On 20 February, 36-year-old artist Plamen Goranov set himself ablaze in the Bulgarian seaside town of Varna in protest against the local government’s links to the mafia, amidst nationwide anti-corruption rallies that have shaken Bulgaria in the last few weeks and led to the government’s resignation. After sustaining 80 per cent burns and spending 11 days in a coma, he died in the evening of 3 March – Bulgaria’s Liberation Day.

Today, 6 March 2013, Bulgaria has announced a national day of mourning for Plamen Goranov who has turned into a heroic figure for protesters – a symbol of what many believe is a long-overdue revolution, with his death kindling revolutionary sentiments even further. Parallels with Jan Palach, the Czech student whose self-immolation in protest against the Soviet occupation of Czechoslovakia is believed to have led to the fall of Communism, are not uncommon. The dramatic incident happens at a time when hundreds of thousands of Bulgarians take to the streets every day to voice their discontent with the status quo after 23 years of political and economic transition, which has left Bulgaria the poorest country in Europe.

Media filters in action – restriction and slant

The mainstream Bulgarian media’s coverage of Plamen’s act has ‘ranged from deafening silence to attempts at character assassination’, as his friends wrote in a manifesto which was shared in social media days before he died, in a bid to tell the truth about Plamen’s personality and the motives behind his sacrificial protest act.

‘There is no doubt that it was an act of resolute rejection of corruption and injustice that have permeated every aspect of social life in his town and his country,’ states the manifesto, which has so far been largely ignored by the agenda-setting media in his home country and beyond.

The British media have so far not only failed to report the incident; they have taken a seemingly concerted editorial decision not to cover the unabated protests that many have dubbed the “Bulgarian Spring”. Of all the mainstream media outlets I have monitored in the last weeks, there has only been scarce, largely matter-of-fact coverage of the Bulgarian government’s resignation, mainly originating from news agencies AP and Reuters.

Navel-gazing or an anti-Bulgarian agenda?While the Bulgarian people rise up against corruption, the mainstream British media are focussing on the putative Bulgarian (and Romanian) immigration “problem”, spouting out features and editorials about Bulgaria’s “great unwashed”, thus creating a negative image of the country and its people who, if tabloid reports are to be believed, are uncivilised, uneducated and unscrupulous scroungers living in extreme poverty, who simply can’t wait for the labour market gates to open to “flood” “Great Britannia” and take advantage of its “generous” welfare system.
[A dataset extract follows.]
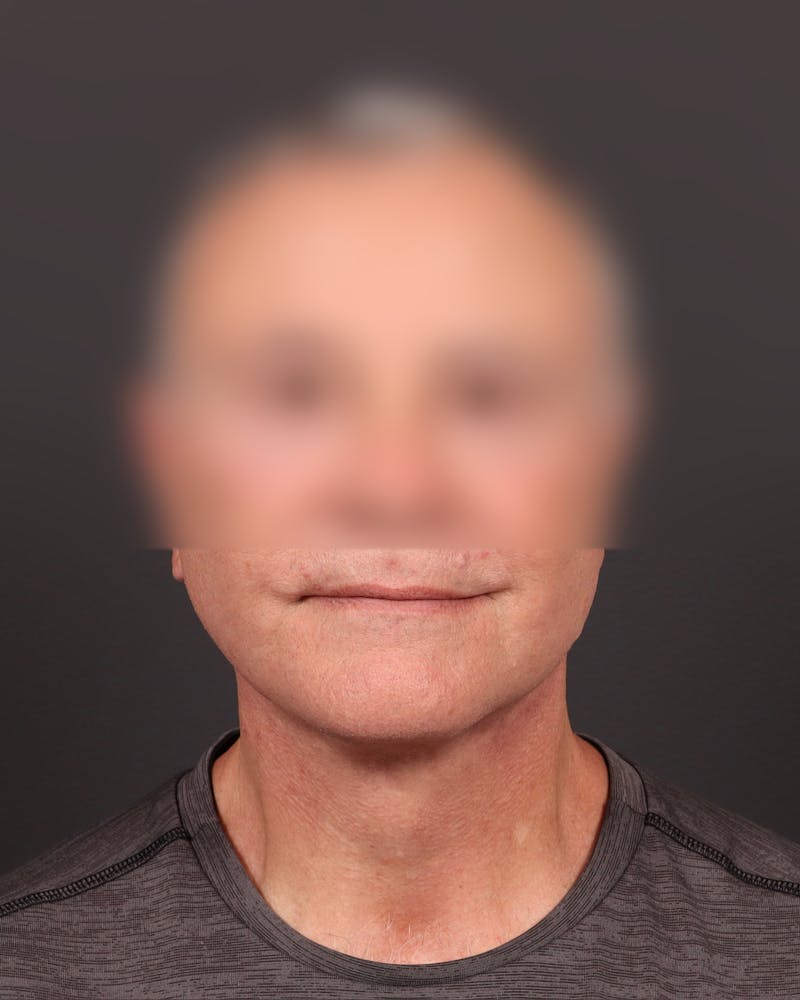Facelift Before & After Gallery - Patient 343880 - Image 2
Here are some examples:

That the likes of the Daily Mail would choose to cover domestic issues and create scare stories about foreign “invaders”, often to the extent of exaggeration and the creation of a warped picture of reality, is understandable – but there is no excuse for consciously refusing to put matters in context. Failing to report the protests in Bulgaria while writing an article related to the country and its nation is either the result of navel-gazing, uninformed and sloppy journalism or editorial bias.
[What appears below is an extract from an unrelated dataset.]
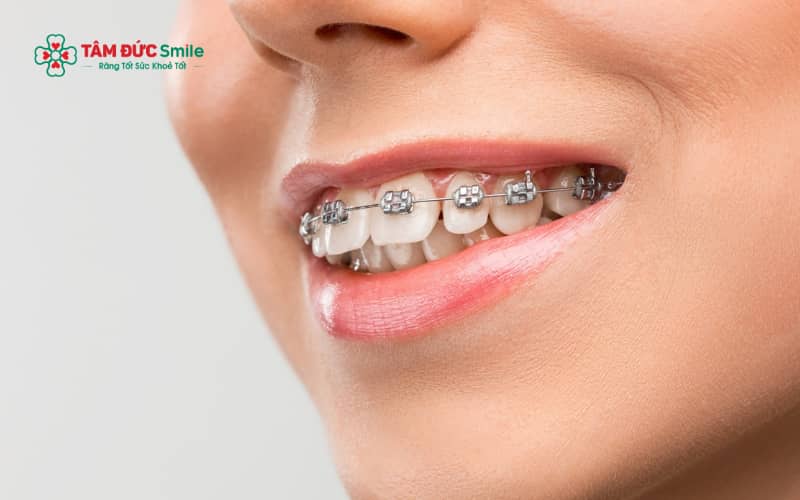 Người đang Abc87 tải ứng dụng vẫn có thể đi máy bay và sinh hoạt bình thường nếu chăm sóc răng đúng cách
Fallacious arguments and questionable media ethics

This is media rhetoric of a fundamentally faulty and particularly dangerous kind – making sweeping conclusions about the population’s immigration tendencies solely on the basis of the country’s GDP and average national wage without taking matters such as currency, prices, credit history and home ownership rates into consideration, and consciously refusing to report the scale of an unprecedented civil uprising, will inevitably lead to ungrounded public fears, unprovoked ethnic prejudice and hatred, and political populism.

The British media’s coverage of the Bulgarian “problem” raises serious questions about media ethics. The Spectator’s editorial about UK food regulation, for example, contains a paragraph curiously unrelated to the focus of the piece (i.e. the horse meat “scandal”):

At the end of this year, all Romanians and Bulgarians will be able to move to this country for work. The government is refusing to say how many people it expects to take advantage of this opportunity. But given that per capita GDP in Romania is only 36 per cent of what it is in Britain, and in Bulgaria 39 per cent, one imagines a large number of workers will come in the hope of a more prosperous life.

In a similar fashion, a Sun reporter took a trip to Sofia asking completely random and clueless members of the Bulgarian public to pose with a two-page spread of the newspaper with the prominent title ‘Why work?’ – which Sun editors then used to illustrate his exclusive titled ‘Next stop UK: Bulgarians and Romanians are queuing up for handout Britain.’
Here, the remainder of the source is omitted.